--- EXCERPTED RECORDS Enclosed Below ---
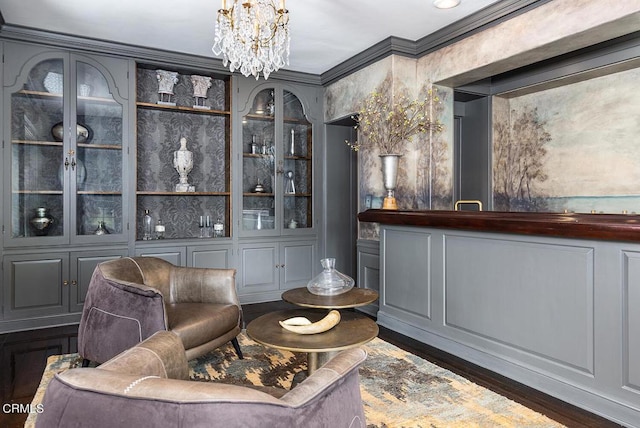 sitting room with ornamental molding, a decorative wall, dark wood finished floors, and a chandelier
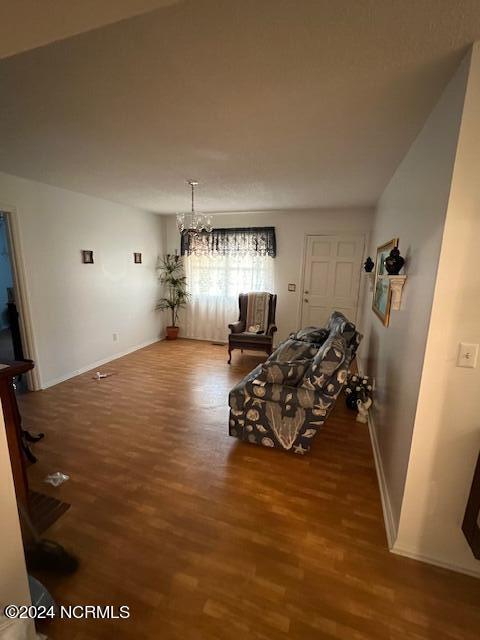 dining space with a notable chandelier and wood-type flooring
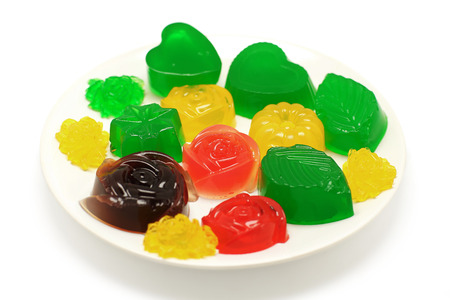 colorful gelatin or jelly dessert isolated on white backgroundの写真素材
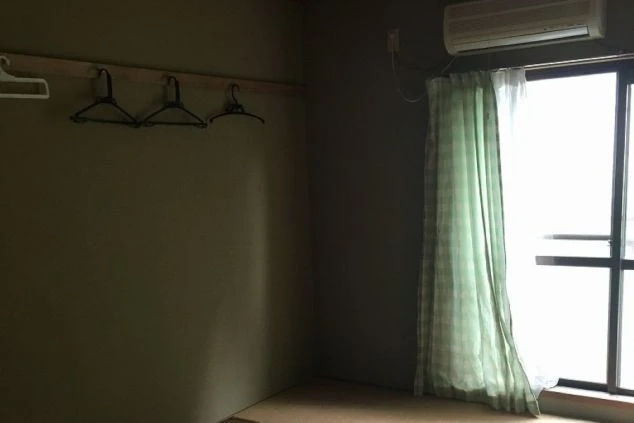 リゾートバイトの個室寮の寝室。エアコンが完備されており、ハンガーラックも設置されています。窓からは自然光が入り、明るく過ごしやすい空間です。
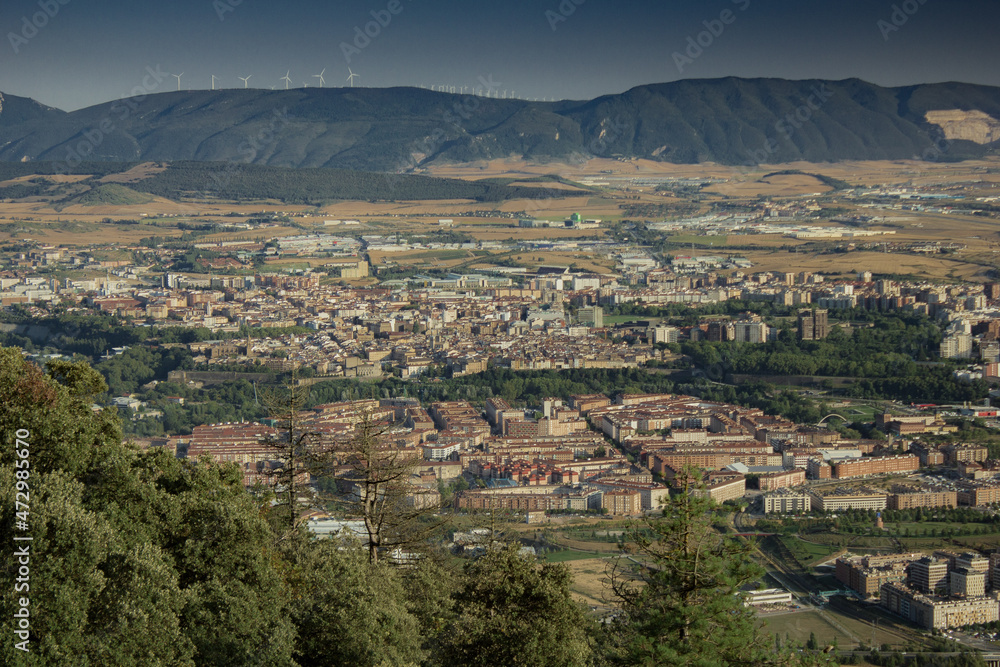 City view from the air between mountains in Pamplona, Spain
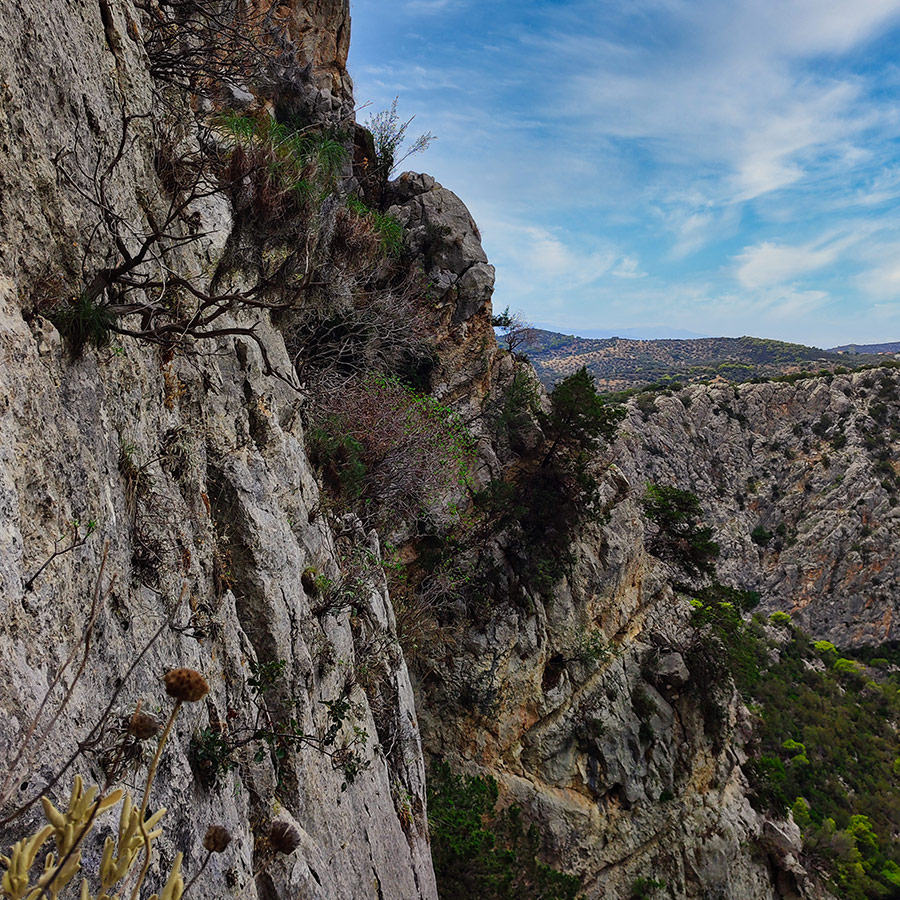 Steep limestone wall and exposure from Asterope route overlooking Katafyki Ravine.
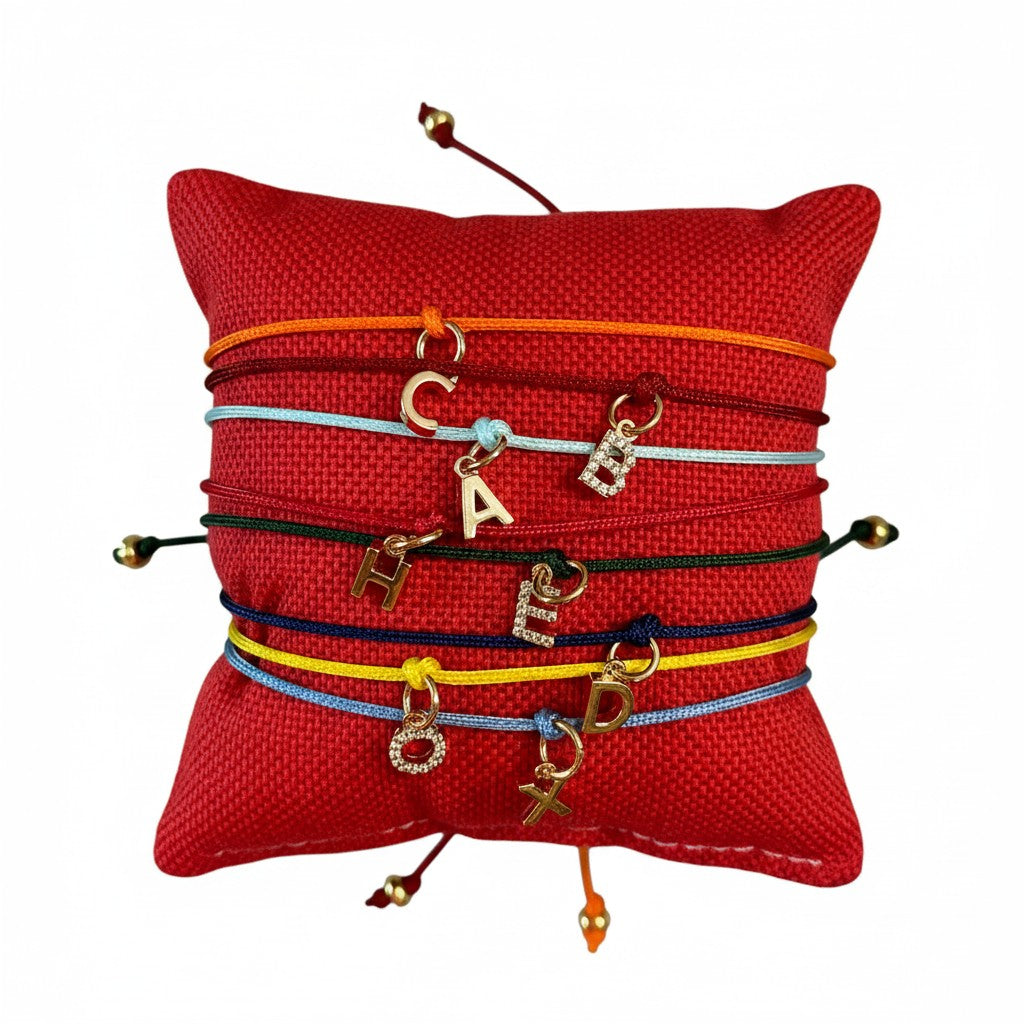 ANNA VON BERGMANN Armbänder mit goldenen Buchstabenanhängern und Zirkonia an bunten Nylonkordeln auf rotem Kissen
--- End of Enclosed EXCERPTED RECORDS ---
Your answer should consist solely of the lines from the one with "City view from" through the last line of the entries, restated word for word, with the pictures omitted.

 City view from the air between mountains in Pamplona, Spain
 Steep limestone wall and exposure from Asterope route overlooking Katafyki Ravine.
 ANNA VON BERGMANN Armbänder mit goldenen Buchstabenanhängern und Zirkonia an bunten Nylonkordeln auf rotem Kissen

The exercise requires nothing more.